Yes. And He is powerful enough to draw out goodness from atrocities that emanate because of the misuse of human free will.

In this writer’s imagination, there is a link between the divinity of God (the supernatural world) with the natural world. The task of writing becomes that of interlocking the two.Representations are created, and specific truths about God’s presence in our world appear in the writer’s mind. She translates those truths in her settings, characters, and dilemmas.

And what she translates is the tenet called grace, both Sanctifying Grace and Actual Grace. Sanctifying Grace, inherited from the God who made us, lives in the soul and stays in the soul. By contrast, Actual grace doesn’t live in the soul; rather, throughout a lifetime, it acts in the soul as divine pushes from God toward His goodness. But those pushes require cooperation. A Catholic imagination will translate that in fiction.

The translating writer understands that a person must accept grace on his own free will; and that grace, like love, is sometimes prickly.
A writer who translates grace in a world on edge– like our world is–sees a double beginning and ending in everything, and I mean everything, including the awful, current events mentioned above. Along with this, she realizes that knowing ‘reasons why’ is a human characteristic.

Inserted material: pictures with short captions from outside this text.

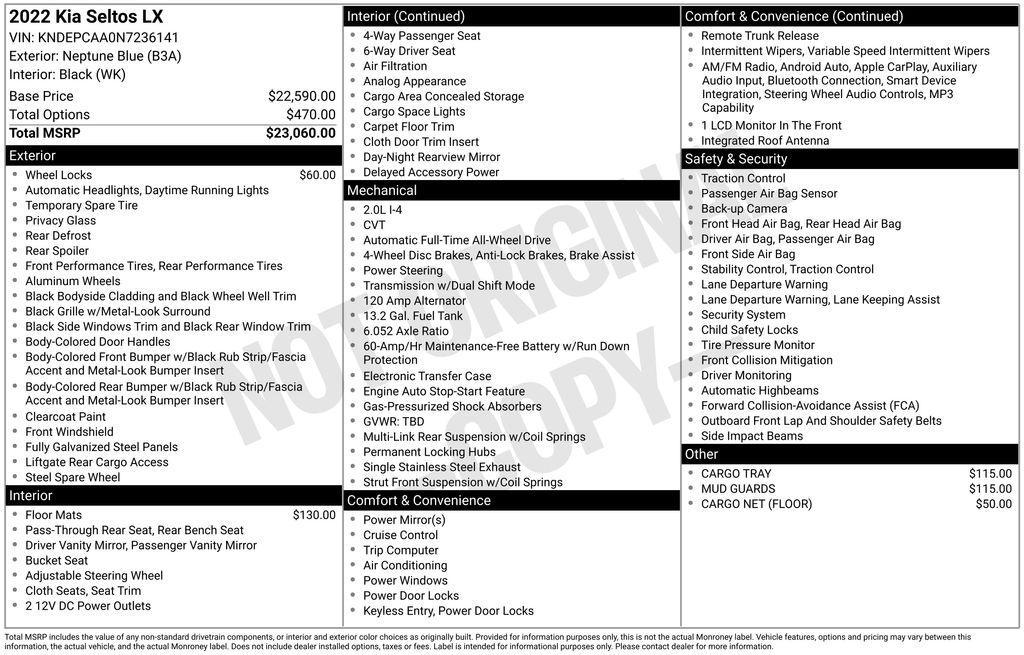 used 2022 Kia Seltos car, priced at $18,950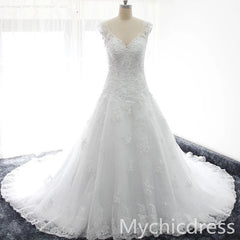 V Neck Lace Appliques Sequins Wedding Gowns Cap Sleeves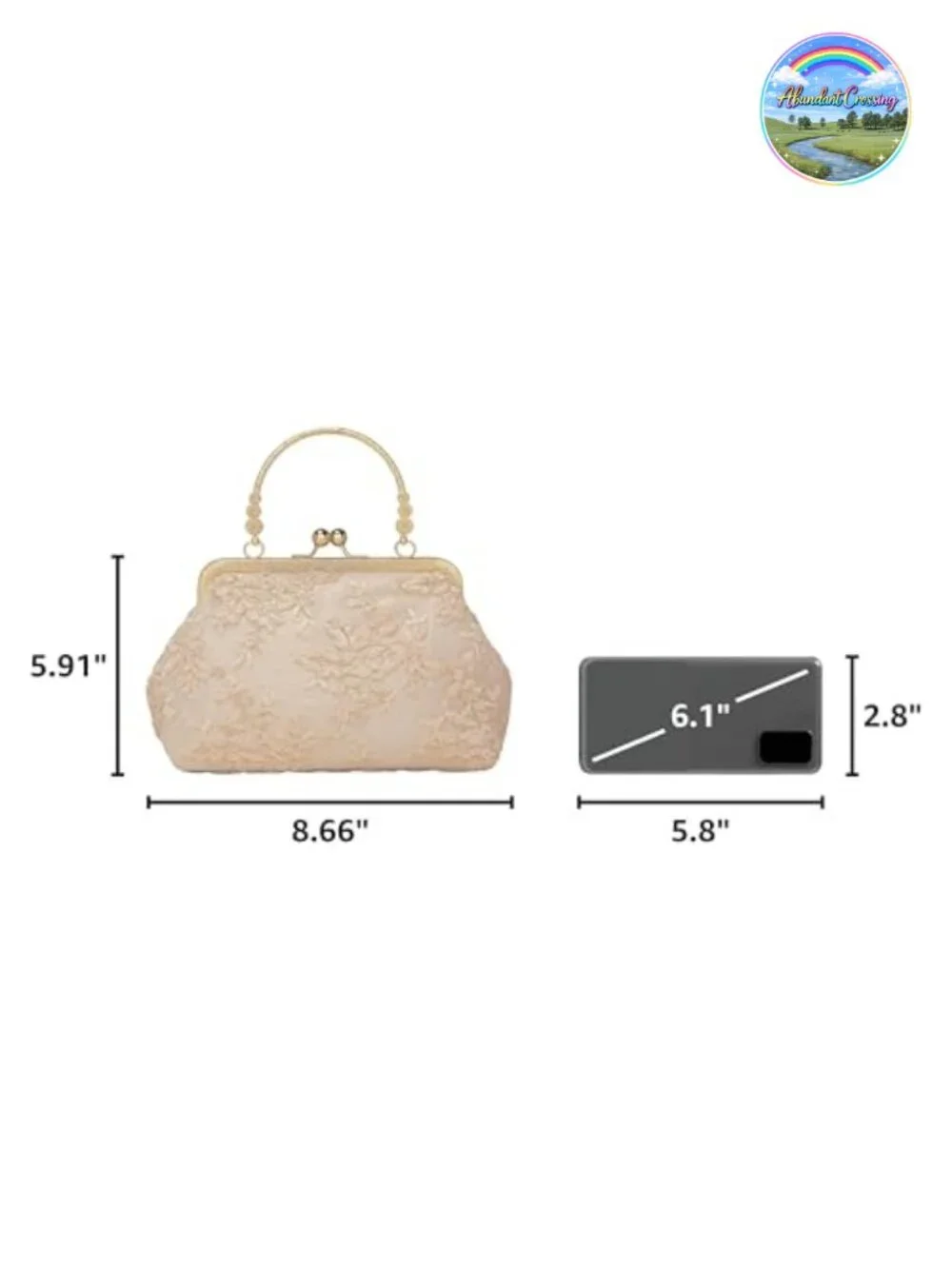 Lace Floral Clutch Evening Bag with Detachable Chain Wedding Party
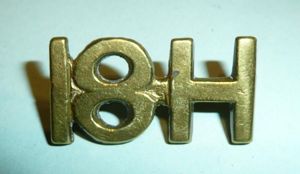 18th Royal Hussars Theatre Made Cast Brass Badge
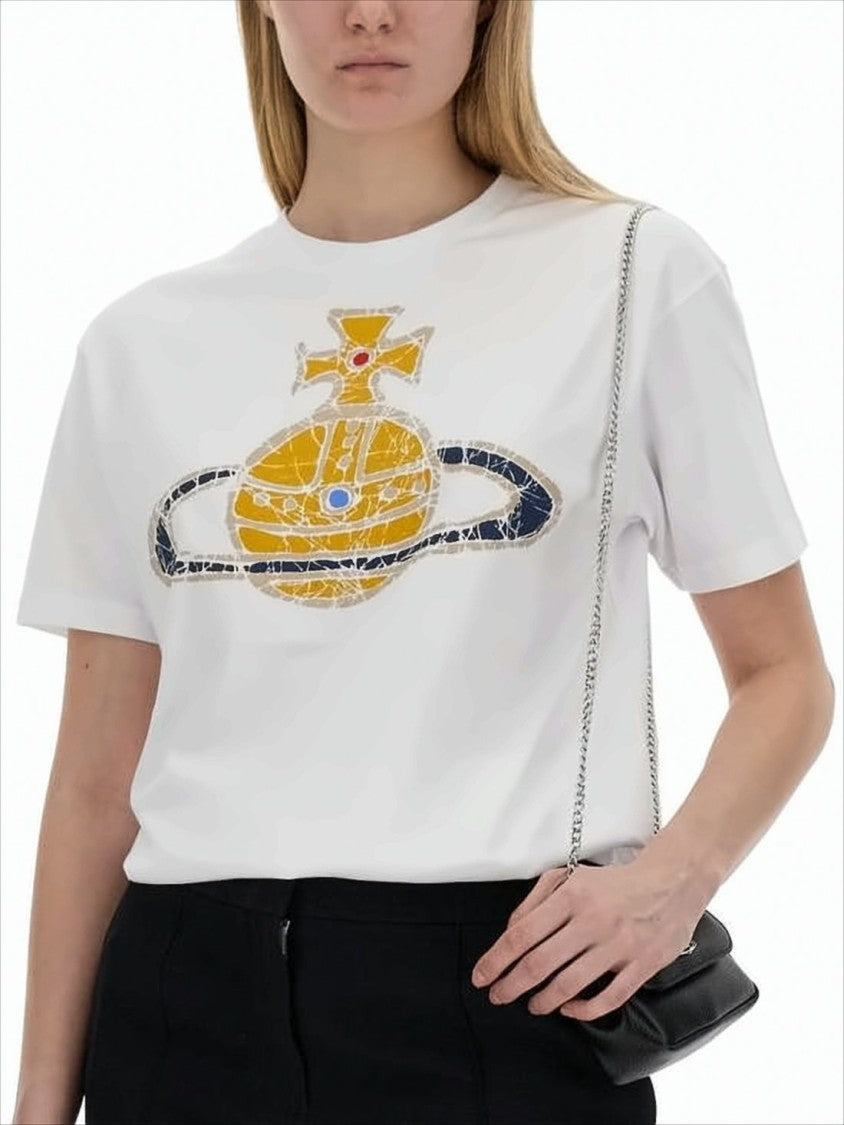 Graphic Print Short-Sleeved T-Shirt with Orb Design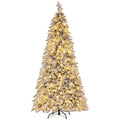 2.1m Snow-Flocked Pencil Christmas Tree – 350 Warm LEDs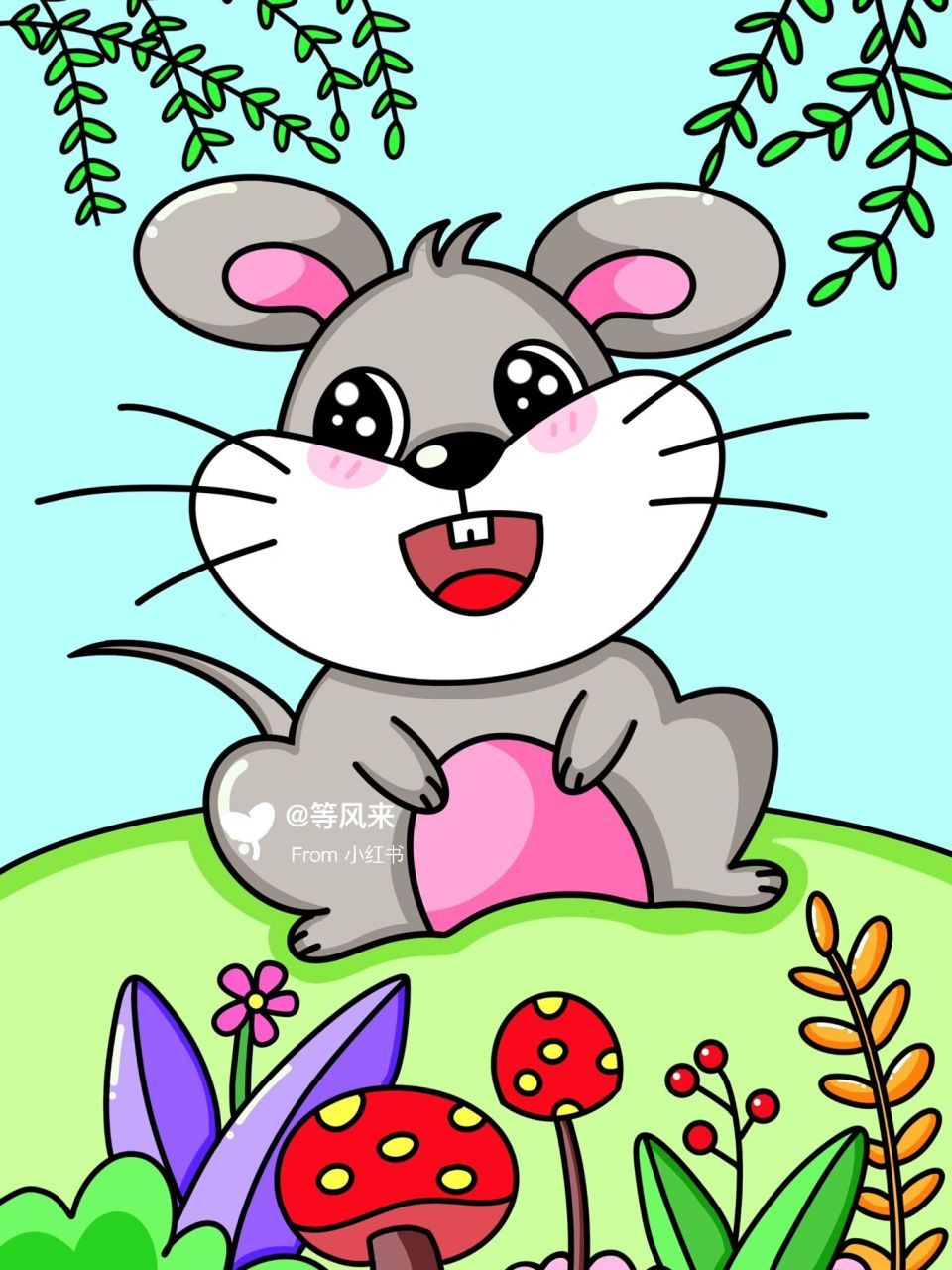 老鼠 创意画 儿童画 简笔画 有线稿 #创意美术儿童画# #儿童简笔画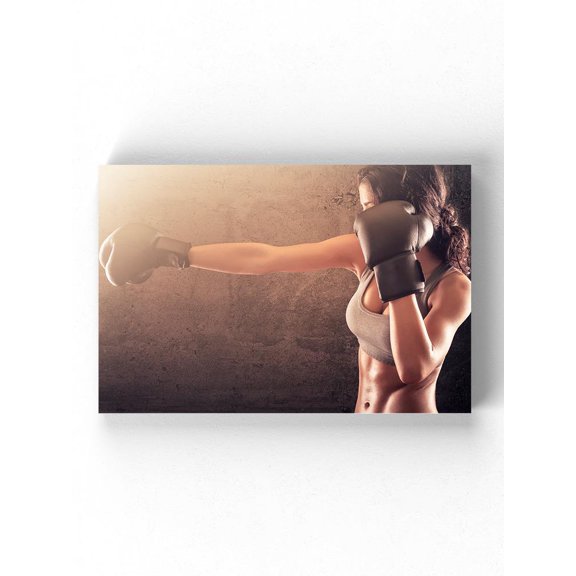Woman Throwing A Punch Wrapped Canvas -Image by Shutterstock,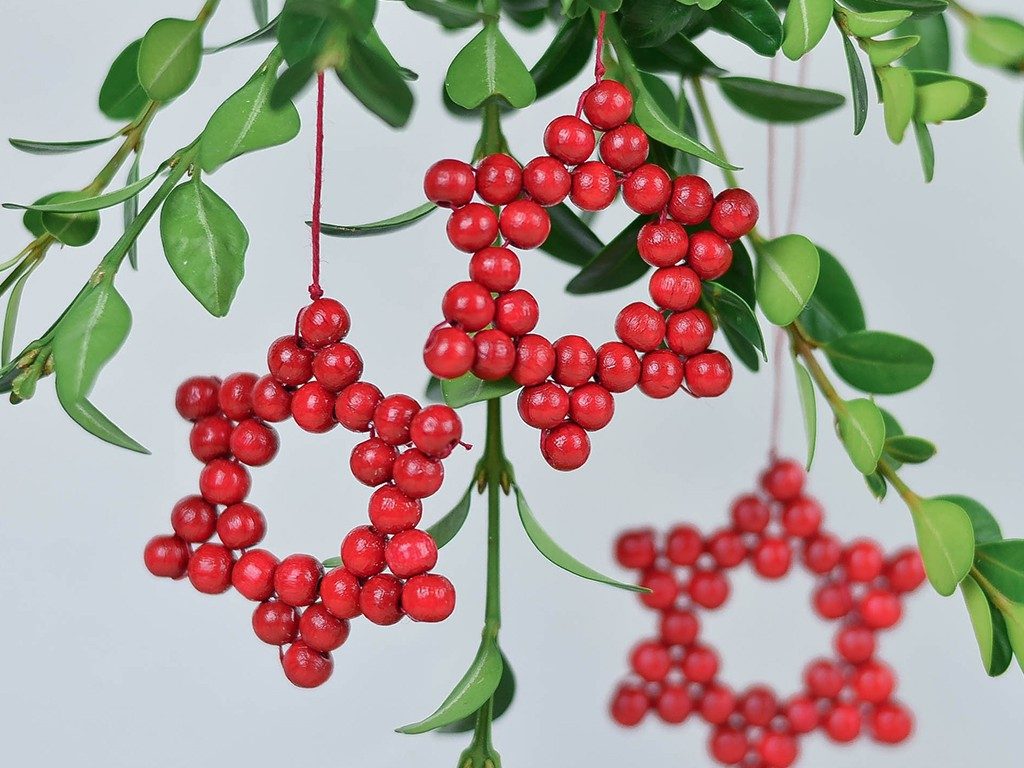 16-strahlig anthrazit-silberweiss Weihnachtsschmuck Perlenstern 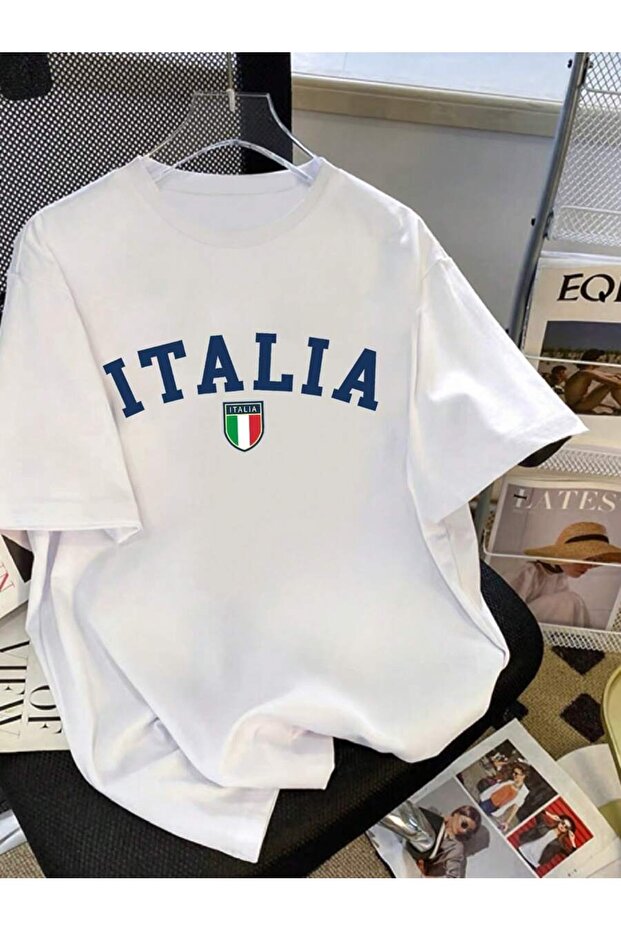 Italia Printed Oversize Crew Neck Summer T-Shirt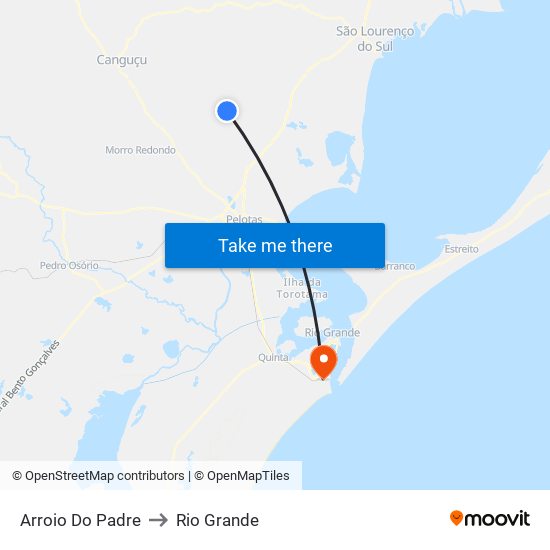 Arroio Do Padre to Rio Grande map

She perceives a cause, and an effect that creates another cause, and effect, and on and on until an epiphany, or a fall, is created.

Stories are discovered in her imagination and brought to light by a very intimate flashlight, one that shines a light on the many causes and effects of free will, and on the causes and effects of grace; both working, and often conflicting, in the same human soul.

Always though, in the Catholic Imagination that we use when writing fiction, we are led to show, and ask: Where does love come from? And our answer is–God.

How do we have the ability to Love?   The grace of God.

And who are the recipients of God’s Grace?   We are. All of us. The sinners of the world. The people Jesus came into the world to save.

I’d like to thank the Jesuits at Spring Hill College, not only for hosting us this afternoon, but for being men for others; men who find God in all things, and then go forth and set the world on fire.

My world was truly set on fire by you. And I thank you for that.”